Largely self-taught, pianist Wayne Horvitz was first noticed in 1980s in his native New York where he became a part of the "experimental improv" or avant-garde club and jam scene. He led several ensembles, and was a member of saxophonist John Zorn's band, Naked City. Horvitz's career has been an eclectic mix of touring; recording; composing both jazz and modern classical music for his own ensembles and others (e.g. The Kronos Quartet, Brooklyn Academy of Music) as well for video, TV, and film and even original works for theater and dance productions; and he's also produced records for the World Saxophone Quartet, Marty Ehrlich, Bill Frisell, Eddie Palmieri, and others.
This self-released record features Horvitz's Sweeter Than the Day ensemble, which he describes as the "acoustic incarnation" of another of his groups, the electronically-driven Zony Mash. Having moved to Seattle, Horvitz started the group in 1999 and it became a regular feature at the Baltic Room, local club. A Walk in the Dark is Sweeter Than the Day's fourth CD release, preceded by two recordings for Songlines (Forever in 2000 and Sweeter Than the Day in 2002) and Live at the Rendezvous, December 2004 for Kufala Recordings.

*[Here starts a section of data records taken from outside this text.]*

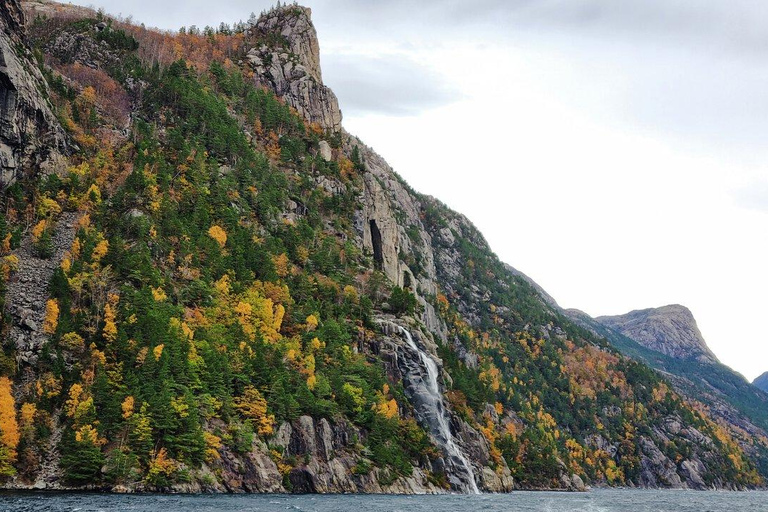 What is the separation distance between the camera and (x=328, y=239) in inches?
6506

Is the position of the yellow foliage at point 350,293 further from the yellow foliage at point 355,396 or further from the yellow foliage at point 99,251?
the yellow foliage at point 99,251

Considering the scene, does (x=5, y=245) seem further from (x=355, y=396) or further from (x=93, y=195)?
(x=355, y=396)

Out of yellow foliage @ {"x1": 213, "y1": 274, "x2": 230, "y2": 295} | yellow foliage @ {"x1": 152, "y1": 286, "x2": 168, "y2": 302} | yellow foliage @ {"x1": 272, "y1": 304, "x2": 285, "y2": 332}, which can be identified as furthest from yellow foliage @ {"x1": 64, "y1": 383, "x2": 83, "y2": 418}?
yellow foliage @ {"x1": 272, "y1": 304, "x2": 285, "y2": 332}

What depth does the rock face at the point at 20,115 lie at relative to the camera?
116 metres

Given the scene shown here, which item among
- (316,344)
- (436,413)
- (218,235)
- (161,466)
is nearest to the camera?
(161,466)

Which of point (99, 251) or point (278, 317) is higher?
point (99, 251)

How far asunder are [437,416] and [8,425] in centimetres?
7956

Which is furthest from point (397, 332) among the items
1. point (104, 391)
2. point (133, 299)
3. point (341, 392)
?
point (104, 391)

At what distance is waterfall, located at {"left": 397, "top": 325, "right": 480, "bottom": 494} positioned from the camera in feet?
445

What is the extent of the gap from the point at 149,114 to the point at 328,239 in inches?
1920

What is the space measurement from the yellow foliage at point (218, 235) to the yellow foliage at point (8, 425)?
178ft

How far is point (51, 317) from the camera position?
316 ft

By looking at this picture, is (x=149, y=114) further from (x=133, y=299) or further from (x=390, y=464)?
(x=390, y=464)

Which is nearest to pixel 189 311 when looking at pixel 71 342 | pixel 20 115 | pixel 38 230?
pixel 71 342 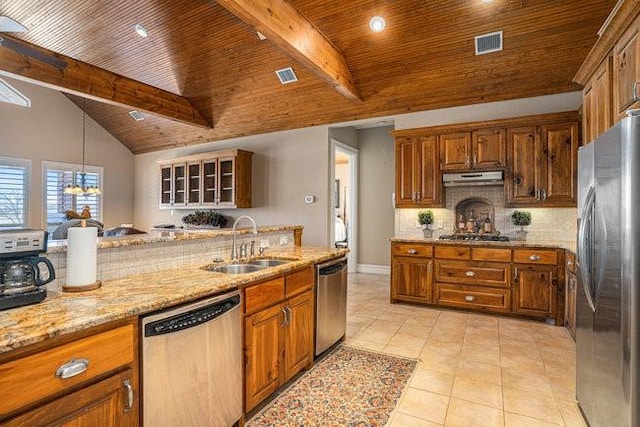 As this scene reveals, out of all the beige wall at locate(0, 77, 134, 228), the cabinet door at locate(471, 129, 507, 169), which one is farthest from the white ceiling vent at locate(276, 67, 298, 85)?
the beige wall at locate(0, 77, 134, 228)

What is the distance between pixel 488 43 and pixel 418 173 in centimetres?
173

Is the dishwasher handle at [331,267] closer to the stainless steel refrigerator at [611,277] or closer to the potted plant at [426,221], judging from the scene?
the stainless steel refrigerator at [611,277]

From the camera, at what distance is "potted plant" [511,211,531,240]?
434cm

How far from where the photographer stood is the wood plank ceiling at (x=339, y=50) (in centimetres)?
360

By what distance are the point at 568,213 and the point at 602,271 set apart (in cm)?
294

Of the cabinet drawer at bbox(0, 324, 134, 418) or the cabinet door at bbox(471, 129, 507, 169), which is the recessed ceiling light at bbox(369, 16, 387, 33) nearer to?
the cabinet door at bbox(471, 129, 507, 169)

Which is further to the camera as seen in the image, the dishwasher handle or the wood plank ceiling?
the wood plank ceiling

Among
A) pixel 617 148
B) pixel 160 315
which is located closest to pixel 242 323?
pixel 160 315

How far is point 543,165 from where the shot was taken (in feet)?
13.3

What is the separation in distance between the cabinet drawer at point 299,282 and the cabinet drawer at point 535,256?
2666mm

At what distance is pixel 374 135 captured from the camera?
6848mm

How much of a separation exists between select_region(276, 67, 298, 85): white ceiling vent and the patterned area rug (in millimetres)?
3871

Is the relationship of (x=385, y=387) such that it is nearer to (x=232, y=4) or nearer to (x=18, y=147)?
(x=232, y=4)

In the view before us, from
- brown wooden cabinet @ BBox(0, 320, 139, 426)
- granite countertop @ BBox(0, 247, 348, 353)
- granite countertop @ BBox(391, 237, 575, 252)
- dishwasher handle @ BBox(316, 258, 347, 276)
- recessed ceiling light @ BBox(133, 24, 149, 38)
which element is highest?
recessed ceiling light @ BBox(133, 24, 149, 38) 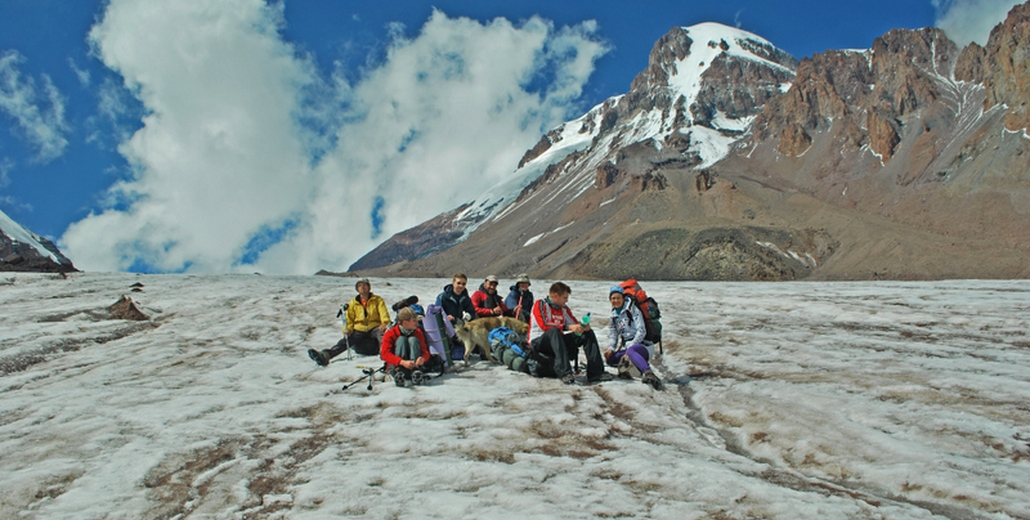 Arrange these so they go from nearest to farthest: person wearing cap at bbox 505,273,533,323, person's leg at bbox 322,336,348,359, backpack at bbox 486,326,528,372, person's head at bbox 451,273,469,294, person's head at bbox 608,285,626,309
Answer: person's head at bbox 608,285,626,309 → backpack at bbox 486,326,528,372 → person's head at bbox 451,273,469,294 → person's leg at bbox 322,336,348,359 → person wearing cap at bbox 505,273,533,323

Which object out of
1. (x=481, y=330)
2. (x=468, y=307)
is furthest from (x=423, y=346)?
(x=468, y=307)

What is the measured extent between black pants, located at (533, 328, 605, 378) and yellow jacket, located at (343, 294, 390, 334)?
4.13 m

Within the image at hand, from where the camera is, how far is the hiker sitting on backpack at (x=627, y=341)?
31.1 ft

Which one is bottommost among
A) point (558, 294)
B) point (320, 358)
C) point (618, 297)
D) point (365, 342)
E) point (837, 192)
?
point (320, 358)

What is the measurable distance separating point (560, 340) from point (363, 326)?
4.98m

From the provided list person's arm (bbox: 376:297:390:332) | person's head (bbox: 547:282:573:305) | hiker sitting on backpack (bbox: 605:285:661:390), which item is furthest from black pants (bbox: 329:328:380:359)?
hiker sitting on backpack (bbox: 605:285:661:390)

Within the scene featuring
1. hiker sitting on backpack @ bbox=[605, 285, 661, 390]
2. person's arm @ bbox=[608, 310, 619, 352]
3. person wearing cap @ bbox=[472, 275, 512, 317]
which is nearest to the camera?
hiker sitting on backpack @ bbox=[605, 285, 661, 390]

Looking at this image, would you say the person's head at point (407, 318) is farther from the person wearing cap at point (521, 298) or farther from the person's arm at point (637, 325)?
the person's arm at point (637, 325)

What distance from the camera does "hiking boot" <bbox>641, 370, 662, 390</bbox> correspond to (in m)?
8.89

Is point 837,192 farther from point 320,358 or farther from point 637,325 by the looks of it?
point 320,358

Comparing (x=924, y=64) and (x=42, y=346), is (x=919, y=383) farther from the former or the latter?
(x=924, y=64)

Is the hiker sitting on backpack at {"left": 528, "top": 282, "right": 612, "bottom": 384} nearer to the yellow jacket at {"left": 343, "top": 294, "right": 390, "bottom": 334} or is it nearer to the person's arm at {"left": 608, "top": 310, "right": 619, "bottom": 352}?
the person's arm at {"left": 608, "top": 310, "right": 619, "bottom": 352}

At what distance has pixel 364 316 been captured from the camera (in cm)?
1243

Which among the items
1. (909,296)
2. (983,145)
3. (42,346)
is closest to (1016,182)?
(983,145) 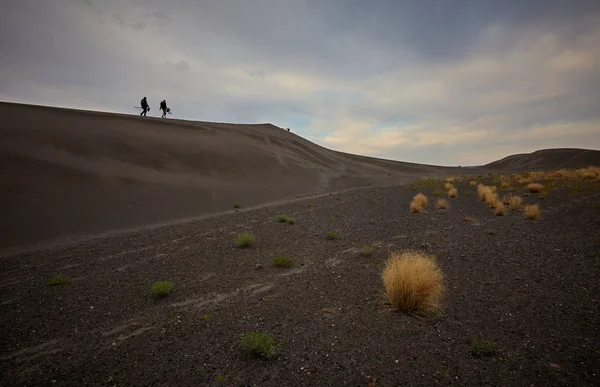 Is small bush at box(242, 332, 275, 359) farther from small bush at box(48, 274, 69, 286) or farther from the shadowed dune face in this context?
the shadowed dune face

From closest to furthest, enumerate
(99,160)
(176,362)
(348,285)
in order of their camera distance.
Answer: (176,362) < (348,285) < (99,160)

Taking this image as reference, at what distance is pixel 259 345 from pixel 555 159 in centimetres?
11898

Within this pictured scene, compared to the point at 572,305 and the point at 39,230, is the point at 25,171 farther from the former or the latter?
the point at 572,305

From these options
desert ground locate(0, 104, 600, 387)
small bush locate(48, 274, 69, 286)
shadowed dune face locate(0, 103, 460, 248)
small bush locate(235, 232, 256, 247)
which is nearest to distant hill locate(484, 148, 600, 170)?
shadowed dune face locate(0, 103, 460, 248)

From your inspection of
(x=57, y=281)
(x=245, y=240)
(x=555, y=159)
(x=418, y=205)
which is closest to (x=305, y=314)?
(x=245, y=240)

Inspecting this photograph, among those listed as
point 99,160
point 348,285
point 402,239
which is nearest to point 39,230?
point 99,160

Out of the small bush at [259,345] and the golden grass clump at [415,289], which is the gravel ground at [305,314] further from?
the golden grass clump at [415,289]

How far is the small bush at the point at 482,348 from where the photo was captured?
4.38 m

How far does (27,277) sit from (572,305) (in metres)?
14.7

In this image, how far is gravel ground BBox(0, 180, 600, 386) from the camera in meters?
4.29

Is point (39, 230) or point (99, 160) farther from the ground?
point (99, 160)

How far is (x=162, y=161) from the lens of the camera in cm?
2722

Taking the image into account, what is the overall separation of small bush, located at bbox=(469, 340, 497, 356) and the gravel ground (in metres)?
0.10

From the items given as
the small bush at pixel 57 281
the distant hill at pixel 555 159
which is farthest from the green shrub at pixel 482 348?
the distant hill at pixel 555 159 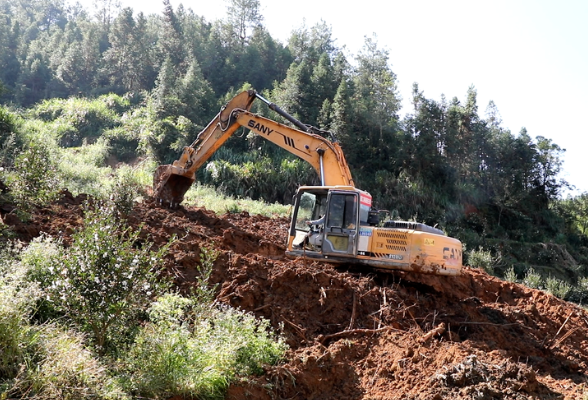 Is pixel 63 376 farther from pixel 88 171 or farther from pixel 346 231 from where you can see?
pixel 88 171

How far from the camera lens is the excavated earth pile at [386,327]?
614cm

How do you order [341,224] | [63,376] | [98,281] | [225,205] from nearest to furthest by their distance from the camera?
[63,376] → [98,281] → [341,224] → [225,205]

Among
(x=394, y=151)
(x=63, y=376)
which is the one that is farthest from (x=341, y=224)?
(x=394, y=151)

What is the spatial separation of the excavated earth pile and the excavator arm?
6.71ft

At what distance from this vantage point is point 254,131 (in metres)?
12.6

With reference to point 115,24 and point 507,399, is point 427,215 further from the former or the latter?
point 115,24

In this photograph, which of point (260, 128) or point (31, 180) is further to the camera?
point (260, 128)

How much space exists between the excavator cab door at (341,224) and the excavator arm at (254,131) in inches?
45.6

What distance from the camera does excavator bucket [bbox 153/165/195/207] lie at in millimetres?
13680

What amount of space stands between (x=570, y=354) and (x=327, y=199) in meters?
4.70

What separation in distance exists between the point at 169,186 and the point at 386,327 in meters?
7.76

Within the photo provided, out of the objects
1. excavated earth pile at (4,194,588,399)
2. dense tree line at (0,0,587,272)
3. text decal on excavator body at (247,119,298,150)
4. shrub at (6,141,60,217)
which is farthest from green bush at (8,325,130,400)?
dense tree line at (0,0,587,272)

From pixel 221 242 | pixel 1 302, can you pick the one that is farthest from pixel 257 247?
pixel 1 302

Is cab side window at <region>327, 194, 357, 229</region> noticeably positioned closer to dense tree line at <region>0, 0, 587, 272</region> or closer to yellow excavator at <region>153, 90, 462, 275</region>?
yellow excavator at <region>153, 90, 462, 275</region> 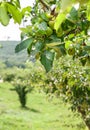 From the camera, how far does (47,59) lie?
1.51m

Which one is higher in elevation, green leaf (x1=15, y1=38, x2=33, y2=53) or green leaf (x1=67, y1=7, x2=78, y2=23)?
green leaf (x1=67, y1=7, x2=78, y2=23)

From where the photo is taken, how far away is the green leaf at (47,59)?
1456 millimetres

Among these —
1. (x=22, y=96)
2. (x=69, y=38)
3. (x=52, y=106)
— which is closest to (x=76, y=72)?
(x=69, y=38)

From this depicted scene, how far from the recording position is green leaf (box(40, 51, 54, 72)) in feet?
4.78

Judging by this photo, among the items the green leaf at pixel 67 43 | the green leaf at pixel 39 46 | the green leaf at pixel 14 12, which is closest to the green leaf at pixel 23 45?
the green leaf at pixel 39 46

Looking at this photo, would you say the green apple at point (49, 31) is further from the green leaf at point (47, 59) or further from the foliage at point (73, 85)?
the foliage at point (73, 85)

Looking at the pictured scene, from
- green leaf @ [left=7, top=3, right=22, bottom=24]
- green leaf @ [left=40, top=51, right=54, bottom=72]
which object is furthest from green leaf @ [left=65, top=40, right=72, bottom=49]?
green leaf @ [left=7, top=3, right=22, bottom=24]

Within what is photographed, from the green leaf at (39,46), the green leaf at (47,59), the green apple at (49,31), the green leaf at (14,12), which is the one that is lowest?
the green leaf at (47,59)

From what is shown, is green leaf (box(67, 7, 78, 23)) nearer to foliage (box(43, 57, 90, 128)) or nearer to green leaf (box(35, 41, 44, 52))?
green leaf (box(35, 41, 44, 52))

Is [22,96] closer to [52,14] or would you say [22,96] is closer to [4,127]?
[4,127]

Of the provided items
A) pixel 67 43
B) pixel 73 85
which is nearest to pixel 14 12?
pixel 67 43

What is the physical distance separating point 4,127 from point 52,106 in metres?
15.3

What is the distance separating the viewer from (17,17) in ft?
4.00

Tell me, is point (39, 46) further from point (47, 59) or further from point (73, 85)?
point (73, 85) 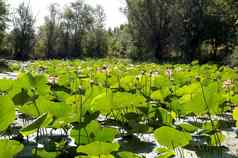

A Walk in the Dark covers 11 original Horvitz compositions that run from easy up-tempo jaunts to moody ballads. Horvitz writes with an angular, bluesy/minor palette that he uses to evoke both humor and melancholy. For example, the opening track from which the record takes its name, "A Walk in the Dark," brings a smile from its loping rhythmic feel and bouncing melody line doubled by Horvitz and guitarist Timothy Young. Four of the tunes shadow Horvitz's earlier days in avant-garde but don't stray so far as to lose touch with a rhythmic and tonal center: "A Moment for Andrew," "Between the Floors," "The 29th Day of May," and "To a Toaster." "A Walk in the Rain" is a blues that sits in a nice easy groove. There are two ballads, "Undecided" and "Good Shepherd;" the former is a haunting solo piano piece that becomes lightly ornamented by the ensemble as it unfolds, while the latter is a study in musical minimalism. The most mainstream tune is probably "Inference," which has a kind of cool 1960s "spy movie" vibe.
A Walk in the Dark is nice, fresh work that stretches jazz quartet tradition just enough to make you listen a little harder, but not so much that you can't still relax and enjoy the ride.